October 24, 2010

Crazy Monday Randomness

When you have free time on your hands and not so much to do with it your mind goes crazy. In a good way, that is. Your mind wanders and lets you remember things, lets you look at things differently, lets you dream and lets you hope. It shows you ideas, helps you imagine and it just goes round and round...with so much time and so much heavy work going on up there it's no wonder I'm feeling dizzy. So, here's what I liked about last week and what I'm looking forward to this week. In no particular order that is. ;)

♥  sunshine (finally!)
♥  lunch/dessert time with my friend before her departure (see you soon again N!!)
♥ Criminal Minds
♥  Halloween!!
♥  Quotes

I told you once I'm trying real hard to find happiness and tranquility.
It's not easy but it's what keeps me going. Every day I find something new that either makes me laugh, smile, or just enjoy life. This can vary from a quote or a colorful leaf to a movie or a weird comment on my facebook page. :) Apparently I need to wear big, pink fuzzy slippers to the grocery store!

So today I'm literally sharing random things with you.
Ready?! Yes? Good. ;)

A family is a place where minds come in contact with one another. If these minds love one another, the home will be as beautiful as a flower garden. But if these minds get out of harmony with one another it is like a storm that plays havoc with the garden.
the Buddha 

I love the above picture. It has fall written all over. At least I think so.

And another quote:

I'm thankful for my years spent with this family; for everything we shared, every chance we had to grow. I'll take the best of them and lead by their example; wherever I go. A friend told me to be honest with you, so here it goes. This isn't what I want, but I'll take the high road. maybe it's because I look at everything as a lesson, or I don't want to walk around angry. Or maybe it's because I finally understand. There are things we don't want to happen, but have to accept; things we don't want to know, but have to learn, and people we can't live without, but have to let go.
A.J. Cook

And since Halloween is pretty much around the corner and I miss it (if I ever get to have my own house, I will go crazy decorating!!)...here's some things I found and love.
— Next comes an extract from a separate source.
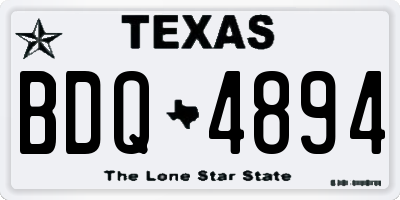TX license plate BDQ4894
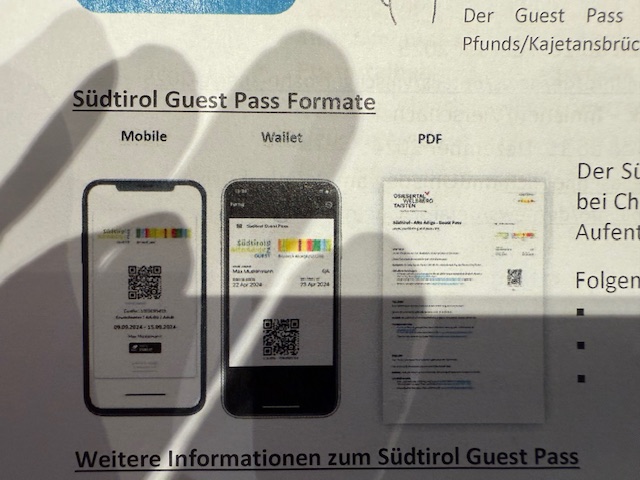 Südtirol Guest Pass Formate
I told ya, very random.

all via tumblr

Oh yes, my mind goes crazy. Besides the above mentioned and all the cute little tumblr pictures I'm also constantly thinking about whether or not I should visit Louisiana or not, and if so, what kind of suitcase I should travel with and when so how I'm going to do all of this. Lots of thinking, lots of weird things, lots of ridiculous randomness it drives me nuts. I keep myself balanced with some of my favorite shows, nailpolish I need to use and can work with, Christmas presents (yes, I just need three more and I'm done!), laundry, and movies that keep me distracted, entertained and amused. :) It's not a lot, and it's not getting me anywhere but it's something. It's better than staying in bed with boredom. It's better than crying, and it's better than working where I used to work. Trust me on this, I am well aware that I need to work on my life and need to find a job and all that but you can also be very sure that I'm well aware of the fact that I'm better off without the job I had. Sometimes it takes longer to accept this, and it takes sometimes months or years to realize this but the time has come and I am grateful for that specific moment. It was some time this June where I was literally told I'm not good enough, practically stupid. I know I'm not, because honestly (and quite sadly) I was the only one in that work place with a college degree. This already told me that I'm not stupid, but I may just be different and not fit for this area or that work. I realized I needed something new, and needed something better. It's those moments that show the true face of life, and the true face of love. So, can you see where I'm going with this? No? Neither can I.
I'm telling you, it's been an awful week. Lots of ups and downs. More downs than ups and at times I just thought I'd lose it all together. Of course I didn't and I'm thankful for that. I was and slightly am a huge mess. However, I was able to book a flight to L.A., and look forward to time away and time in a place I miss and love. It's what counts, right? It's what should count no matter what. So, my crazy mind goes round and round and so far it doesn't seem to stop. Maybe better so. Let's hope it has something in store for me, something that will help me reach my happy goal, so I can spice this site up with more happier posts. Ok?! Okay!!!

With that said, I'm hoping you all had a fabulous weekend.
And let's hope you're all going to have an even better week...I know I will...starting with a visit to the dental lady. Yes. How fantastic for a Monday!! Just what I needed. 

The crazy little writer...

xoxo,


♥ Selma ♥

3 comments :

Sara said...

I hope you find their happiness and your peace of mind. I really do.

k said...

these were such great quotes! and that book looks gooooood. i think you have some exciting times coming up! i need to email you back;)

Unknown said...

Maybe LA has in store for you just what your soul is looking for. Then you can just be yourself and then nothing else matters, because things will fall into place once you fine the right path.